Dave “the Game” Chalker wrote up a wonderful play summary of his first time running a game of Leverage the role-playing game. I really enjoy reading actual play reports, especially for games I’m already interested in. I’m glad his experience confirmed that Leverage makes a great pick-up game requiring little preparation and no more than a few hours. I tuned in to one part of his report in particular, that I wanted to tease out here. He mentioned missing a Charisma stat, for tasks like plain old grifts or impersonations. Meanwhile he had a tricky time integrating other stats into the flow of the game, such as Vitality. I understand he doesn’t have a problem with the Vitality stat or the lack of a Charisma stat, I just want to riff off the thoughts ignited in my mind when he put those two together.
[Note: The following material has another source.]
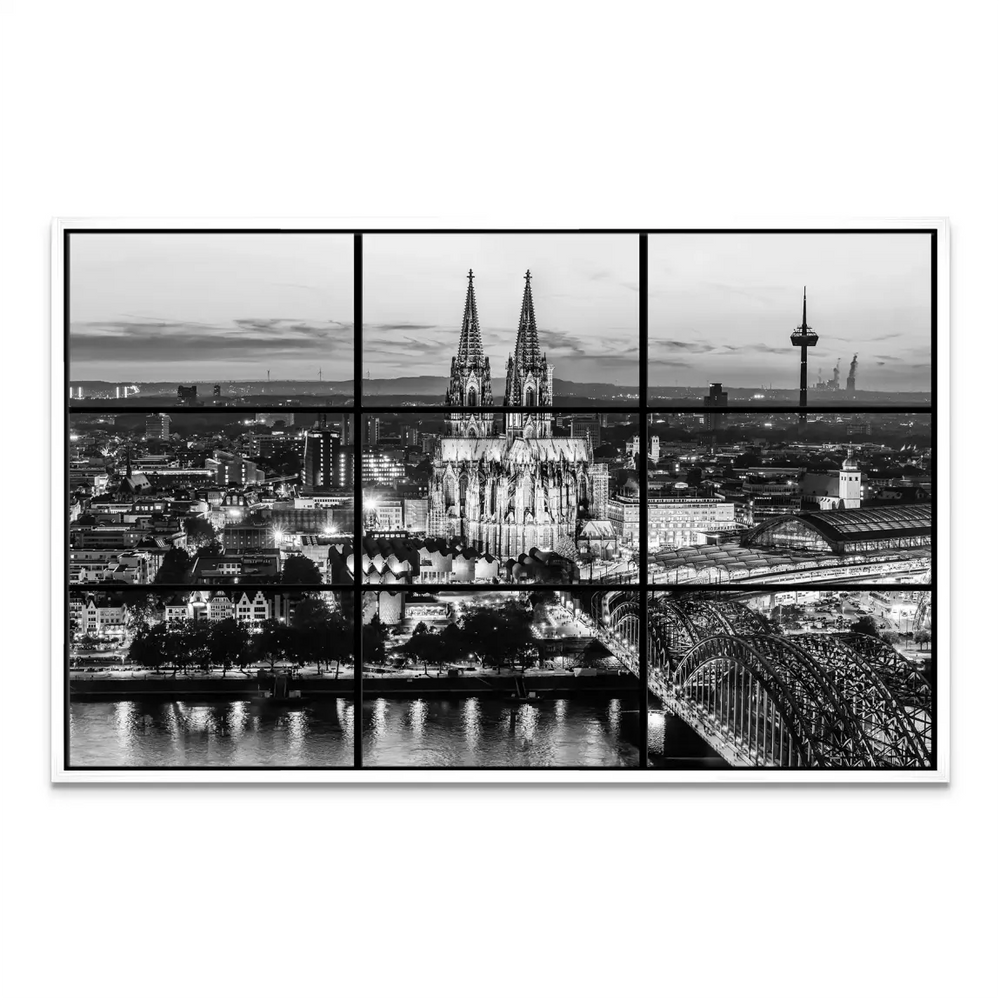 Wide city skyline along the Rhine with historic architecture in monochrome.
The way I understand it, plain old grifts (the kind Sophie almost always starts a con with in the show) may be exactly the time to call for Vitality.
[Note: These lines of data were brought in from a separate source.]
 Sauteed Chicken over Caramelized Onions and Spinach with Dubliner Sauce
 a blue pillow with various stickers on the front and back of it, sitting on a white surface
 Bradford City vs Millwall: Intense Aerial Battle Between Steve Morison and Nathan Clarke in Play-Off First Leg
The Leverage rules do a magnificent job addressing both the physical and social aspects of abilities. I like this approach. Someone with good Strength doesn’t necessarily need muscles, but could have the social presence capable of throwing weight around or making people move. Likewise, Leverage addresses the absence of a charisma stat by pointing out that charisma is really situational applications of Intelligence, Willpower, Vitality, some Strength, and maybe even Agility, depending on the situation. Persuasion or pushing one’s will upon another would use Willpower, social dominance or intimidation could use Strength, impressing someone with knowledge of a niche or specialty subject area would use Intelligence.
Vitality, in Leverage, is not just Endurance. While some examples of it’s use point to enduring or persevering hardship (an all night hacking session, etc.), I like the way it’s mental aspect can enter the spotlight: Vitality is exuberant physical strength or mental vigor, basically, liveliness or the capacity for continued meaningful life and growth (ala Dictionary.com). In that respect, Vitality is that quality which makes people “interesting.” If they have liveliness of mind they will be interesting due to their mind’s self-motivated activity exploring patterns, seeking fresh experiences, and making new connections. If they have liveliness of body, maintained consistently, they will likely be fit and healthy, not to mention energetic and spry.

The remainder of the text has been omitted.